Lantheus (LNTH – Research Report), the Healthcare sector company, was revisited by a Wall Street analyst today. Analyst David Turkaly from JMP Securities reiterated a Buy rating on the stock and has a $112.00 price target.
David Turkaly has given his Buy rating due to a combination of factors that highlight Lantheus’s strong financial performance and strategic positioning. The company’s fourth-quarter results surpassed expectations in both revenue and profit, with significant growth in free cash flow and share repurchases, indicating robust financial health. Additionally, Lantheus’s strategic acquisitions and reaffirmed guidance for 2024 have alleviated investor concerns about potential declines in PYLARIFY pricing and volumes.

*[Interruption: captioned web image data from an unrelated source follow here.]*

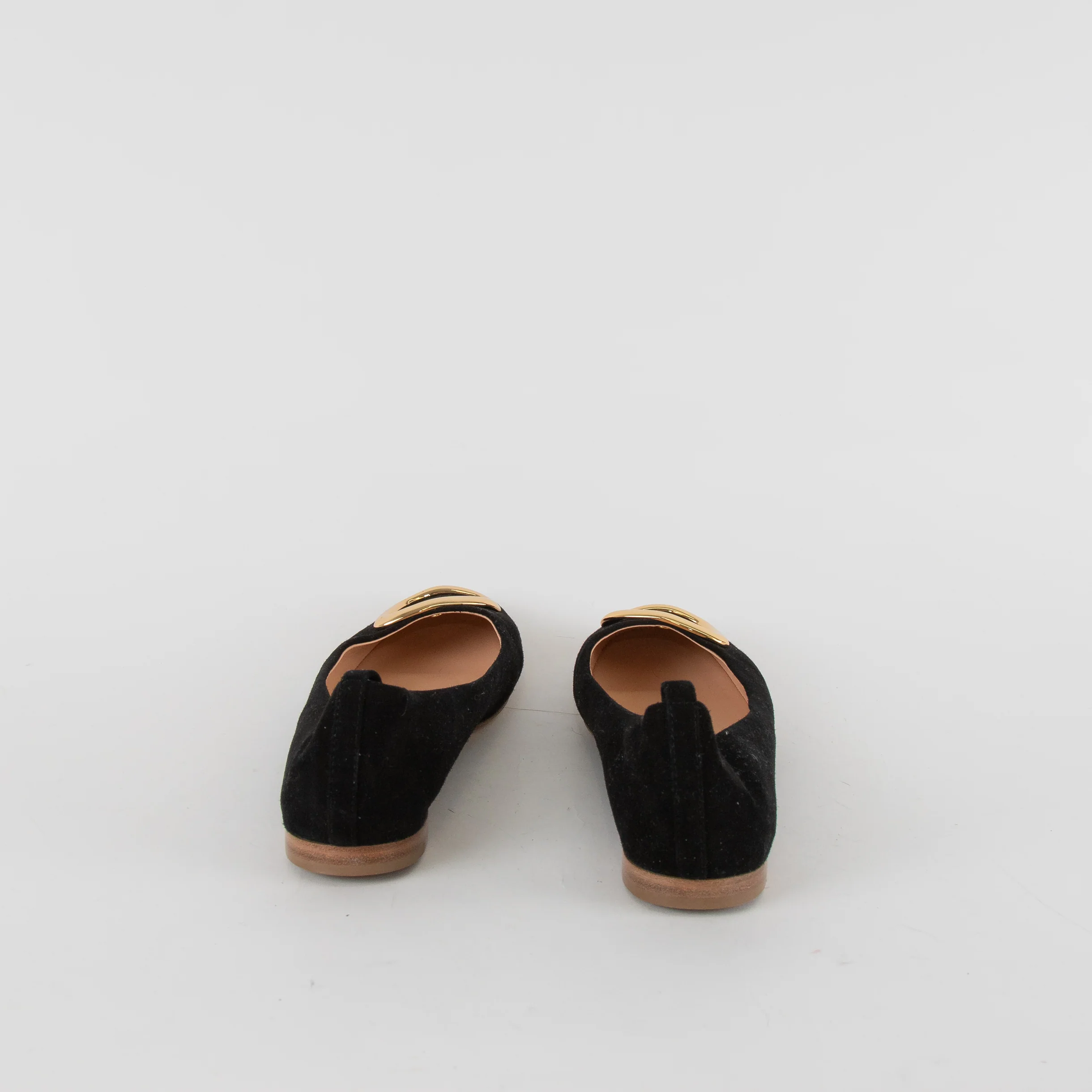 Rupert Sanderson Black Suede Ballet Flats with Gold Buckle - Image 4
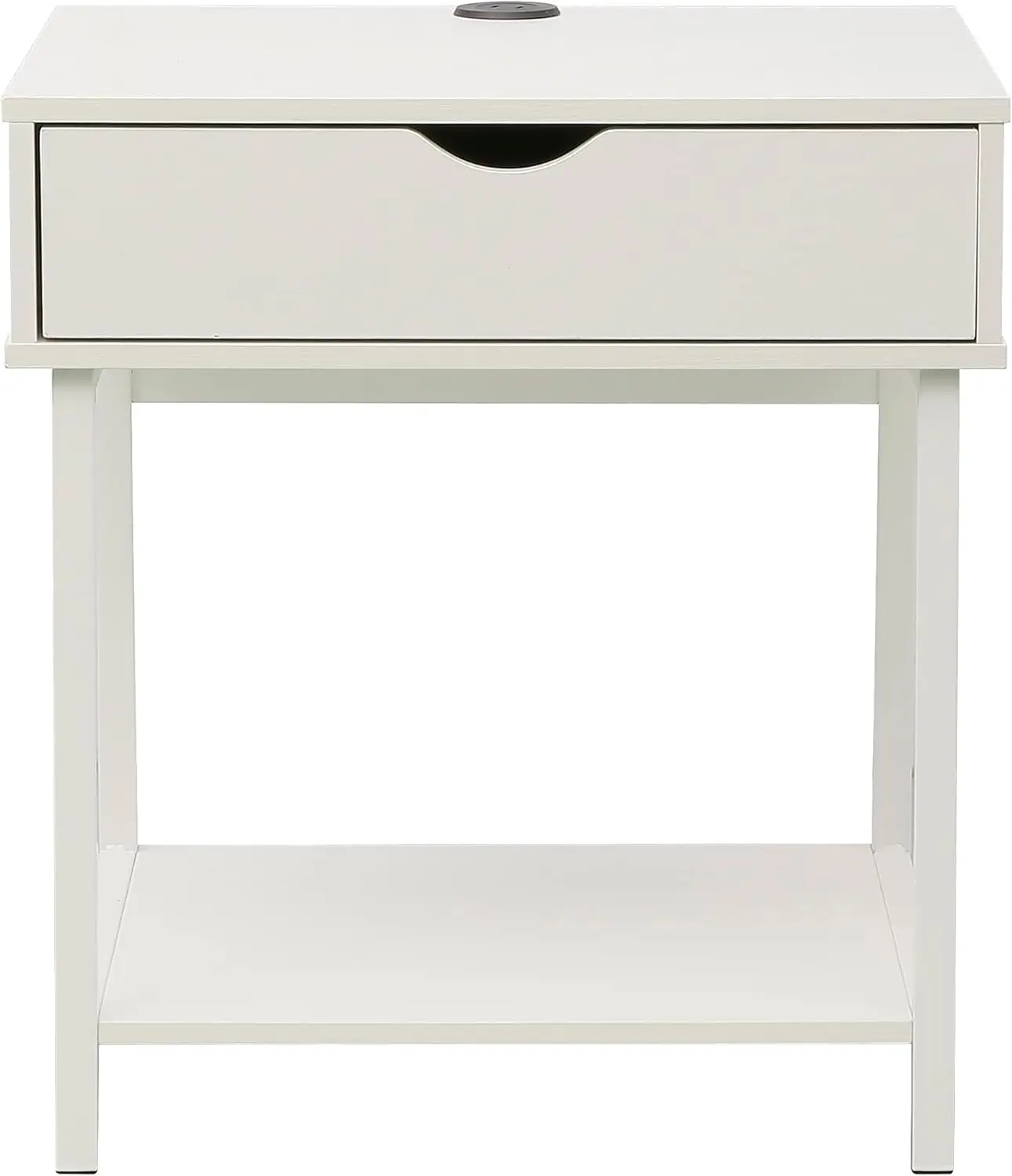 

Side End Table with Drawer and Shelves, White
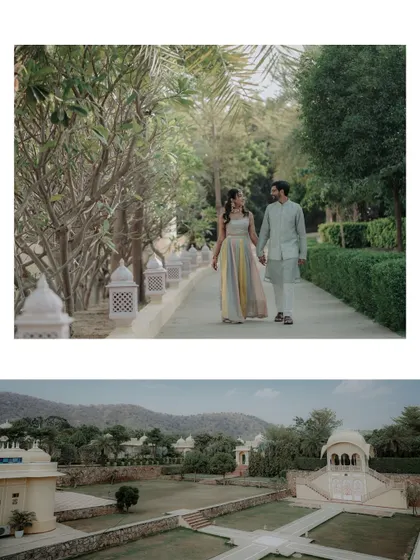 A collage showing the couple's romantic walk and the stunning, expansive view of their resort venue, setting the scene for their destination wedding.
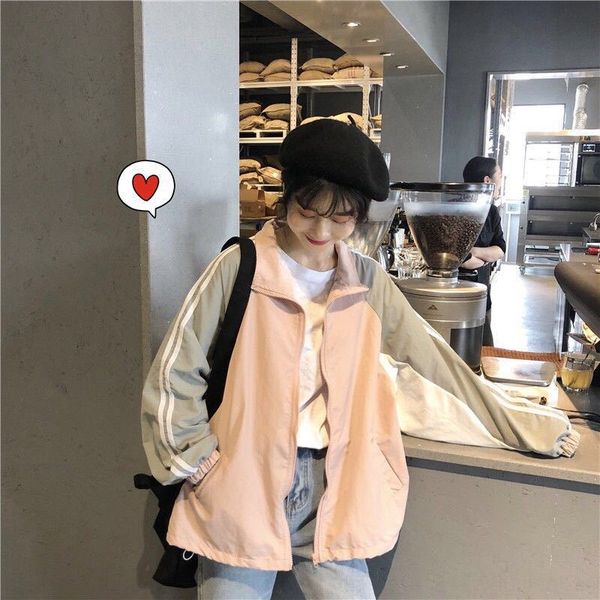 

women's coat autumn 2019 new korean style student mori all-match loose sunscreen jacket suit baseball suit baseball uniform fashion, Tan;black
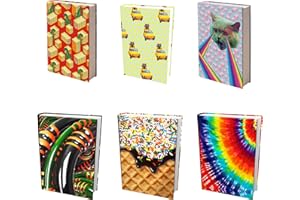 Stretchable, Easy Apply Book Covers 6 Pack of Fun Designs. Jumbo Jackets Fit Most Hardcover Textbooks Up to 9 x 11". Adhesive
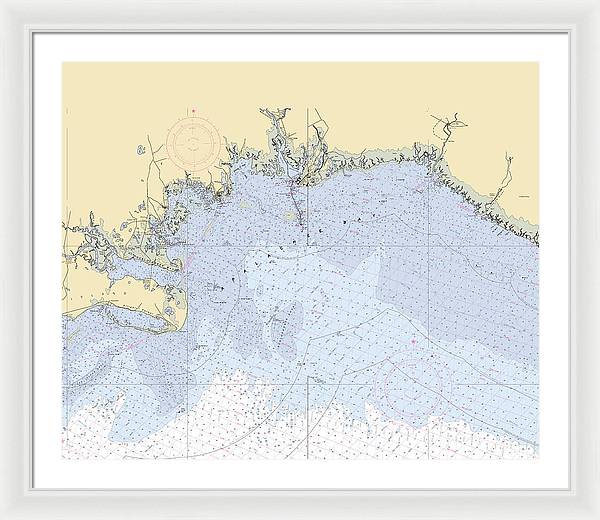 Apalachee-bay -florida Nautical Chart _v6 - Framed Print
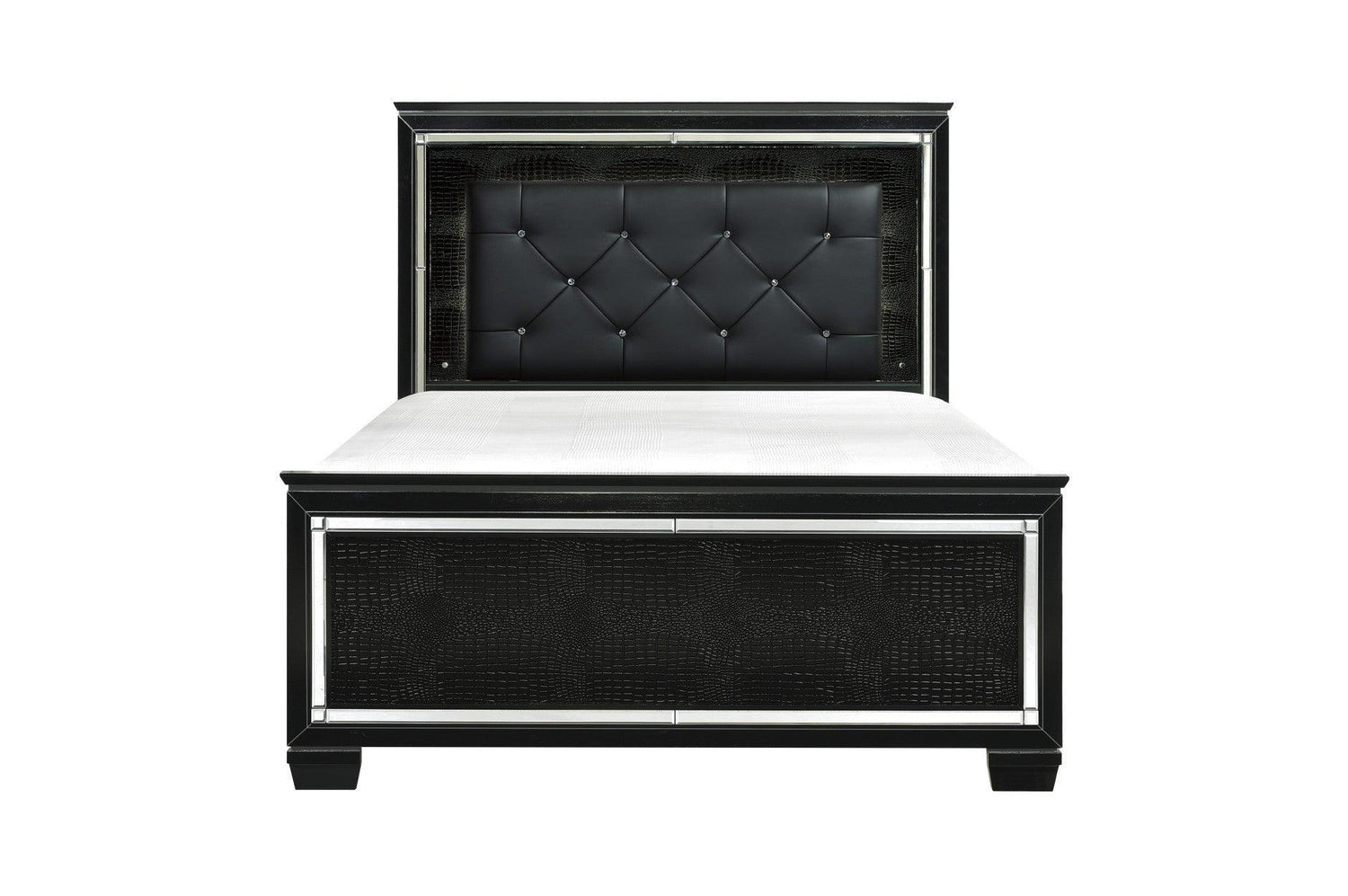 Allura Black Glamour Contemporary Solid Wood Faux Leather Upholstered Tufted LED Panel Bedroom Set - Ella Furniture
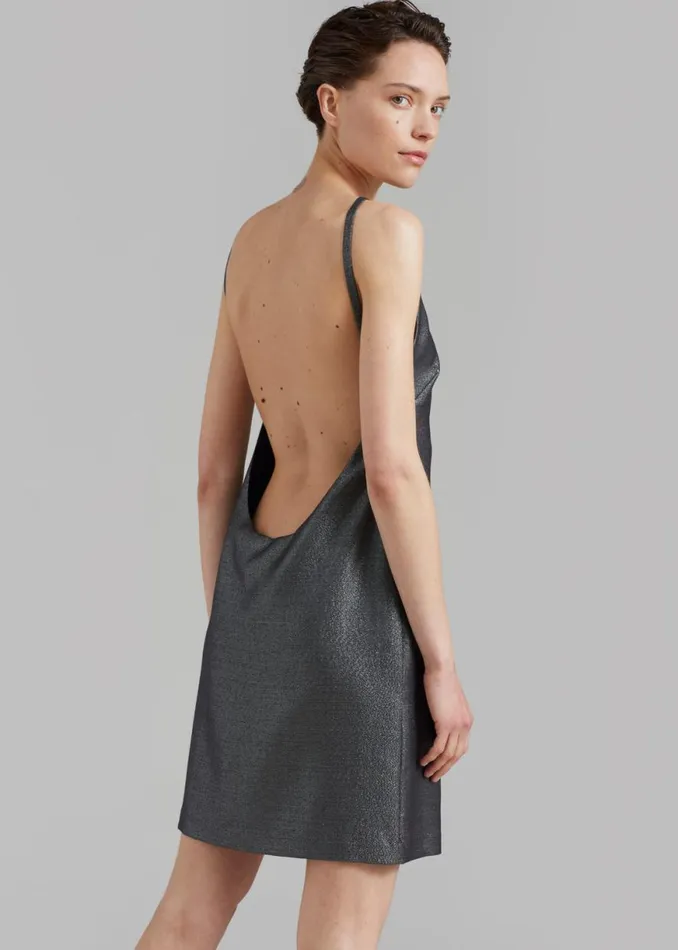 The Frankie Shop MATIN Byblos Backless Mini 8211 Silver Shop Dresses
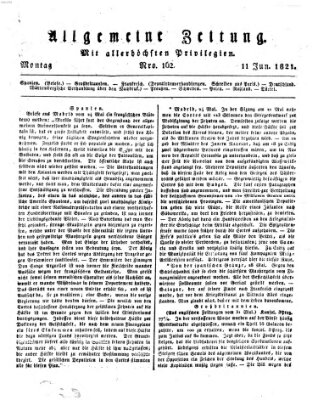 Allgemeine Zeitung Montag 11. Juni 1821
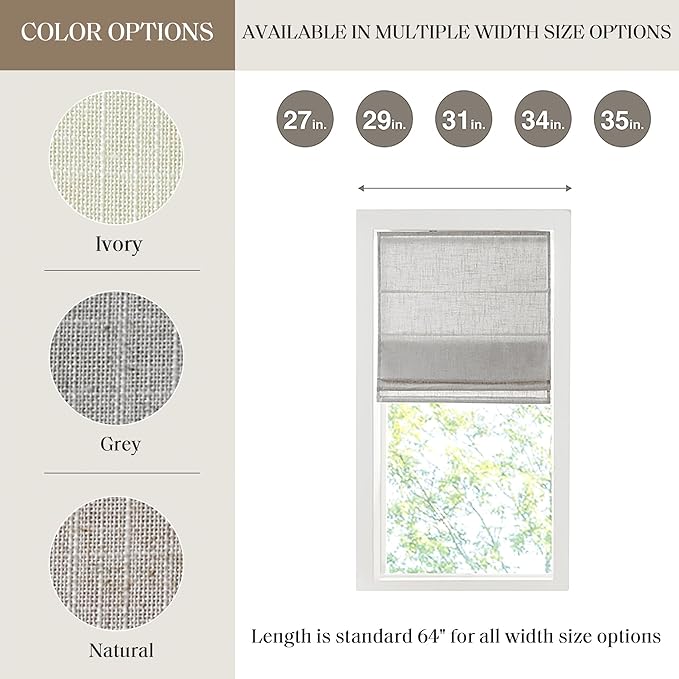 Madison Park Kyler Cordless Roman Shades - Single Panel, Lightweight Linen Blend Fabric, Natural Design, Easy Installation, Light Filtering Window Blind, Bedroom, Living Room Decor 31" W x 64" H Grey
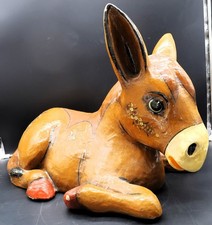 Vtg SERMEL Tonala Paper Mache Donkey Burro Signed Mexico Folk Art Bird Sculpture picture
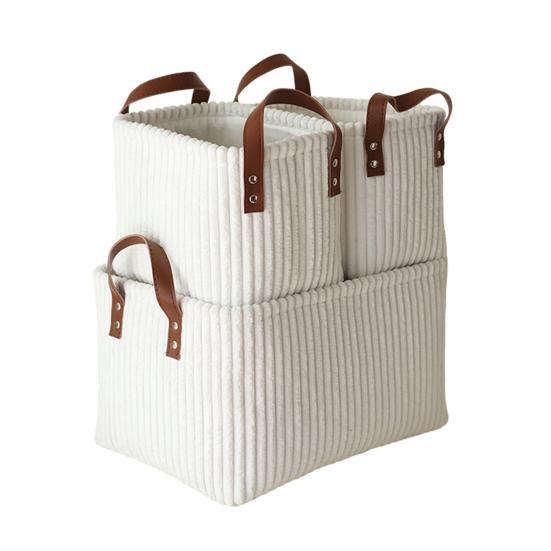 Corduroy Storage Basket Collapsible Storage Bin with Reinforced Handles Foldable Basket Organizer for Kids Toys Clothes Closet Laundry Room Bedroom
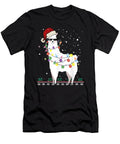 Yummy Christmas Llama Santa Hat Ugly Xmas Tree Alpaca Gifts for Fan Ezone Prints T-Shirt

Moreover, the company’s outlook for 2025 was more optimistic than anticipated, boosting investor confidence and driving a notable increase in stock value. Lantheus is also poised for sustained double-digit growth from 2026, led by PYLARIFY, which remains a key growth driver. Furthermore, potential royalty opportunities from partnerships with GE and Curium could contribute to future growth, enhancing the company’s long-term prospects. Despite these positive developments, the stock is considered undervalued compared to its high-growth peers, making it an attractive investment opportunity.
In another report released yesterday, TD Cowen also maintained a Buy rating on the stock with a $110.00 price target.